WIGGUM is right. But among the viewing public, the two terms are interchangeable because theatres show “previews of coming attractions”. However, when we are putting together selected bits of a film in order to promote it, we are making a “trailer”.

If it’s a “trailer”, what exactly is it trailing? Preview makes sense, I can find no rationale for “trailer”.

In many cases it seems that the preview/trailer is just the movie with the boring parts removed. Perhaps they could come out with DVDs with just previews and save us all the fast-forwarding.

The other night I went to a movie and after a long string of trailers, came the Loews theater chain’s little promo for itself. I thought, at last, the feature is next. No! Another trailer started! This one was billed as a “sneak preview.” I wondered: they’re gonna show a whole extra movie now? No, it was just another trailer!

Seems the term “sneak preview” has no meaning any more.

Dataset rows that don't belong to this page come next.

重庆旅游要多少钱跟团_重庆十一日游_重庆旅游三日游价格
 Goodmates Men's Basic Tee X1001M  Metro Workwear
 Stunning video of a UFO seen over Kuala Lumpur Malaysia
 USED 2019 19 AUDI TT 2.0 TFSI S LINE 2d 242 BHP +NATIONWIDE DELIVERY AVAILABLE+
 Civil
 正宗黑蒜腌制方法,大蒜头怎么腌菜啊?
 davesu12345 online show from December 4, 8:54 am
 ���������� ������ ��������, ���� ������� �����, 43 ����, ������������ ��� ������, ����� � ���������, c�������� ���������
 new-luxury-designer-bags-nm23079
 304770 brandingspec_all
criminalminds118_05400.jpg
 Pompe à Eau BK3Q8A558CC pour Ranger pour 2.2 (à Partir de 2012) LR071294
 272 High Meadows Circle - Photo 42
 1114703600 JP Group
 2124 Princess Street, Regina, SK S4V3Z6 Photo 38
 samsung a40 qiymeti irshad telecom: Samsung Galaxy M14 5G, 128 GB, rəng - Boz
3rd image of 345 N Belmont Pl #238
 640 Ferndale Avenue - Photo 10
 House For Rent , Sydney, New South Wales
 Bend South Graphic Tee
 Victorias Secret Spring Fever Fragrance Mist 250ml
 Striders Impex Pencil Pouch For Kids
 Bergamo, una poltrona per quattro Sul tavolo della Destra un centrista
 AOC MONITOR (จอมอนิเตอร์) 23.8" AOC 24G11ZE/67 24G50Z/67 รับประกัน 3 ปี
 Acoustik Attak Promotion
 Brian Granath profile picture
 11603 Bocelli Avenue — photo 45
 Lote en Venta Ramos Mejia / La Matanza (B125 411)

ishmintingas, some “trailers” are attached to the front of the movie so you can’t show the movie without showing the trailer. A studio will do that so that when you see movie X you will automatically see a preview for movie Y from the same studio. The other trailers are presumably chosen by the theatre chain to highlight movies now or soon playing at other venues in the same chain.

AudreyK, my experience with DVDs is a little different. Some DVDs do start out with some form of “preview”, but if I press the “menu” button on the remote I can exit the preview and go directly to the menu.

Finally, I have an inexpensive DVD player and I think it’s well worth the money. DVDs have many good features: several audio tracks (including different languages, sometimes a director’s commentary and/or other commentaries), the trailer for those interested in seeing those, information about the actors, perhaps deleted scenes, optional subtitles, etc… The subtitles are especially handy for those “what did he say?” moments when the actors may be hard to understand, and of course for the hearing-impaired.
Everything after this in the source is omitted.